Exercise data
* * *

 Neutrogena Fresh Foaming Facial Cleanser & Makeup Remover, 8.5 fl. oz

* * *

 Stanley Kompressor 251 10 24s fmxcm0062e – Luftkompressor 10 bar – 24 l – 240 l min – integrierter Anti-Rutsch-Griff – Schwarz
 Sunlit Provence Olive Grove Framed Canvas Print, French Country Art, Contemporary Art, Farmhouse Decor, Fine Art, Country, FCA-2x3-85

* * *

Brief
Everything from the line with "Stanley Kompressor 251" through the line with "Sunlit Provence Olive" in the listing above must be retyped exactly, with nothing added.

Response
 Stanley Kompressor 251 10 24s fmxcm0062e – Luftkompressor 10 bar – 24 l – 240 l min – integrierter Anti-Rutsch-Griff – Schwarz
 Sunlit Provence Olive Grove Framed Canvas Print, French Country Art, Contemporary Art, Farmhouse Decor, Fine Art, Country, FCA-2x3-85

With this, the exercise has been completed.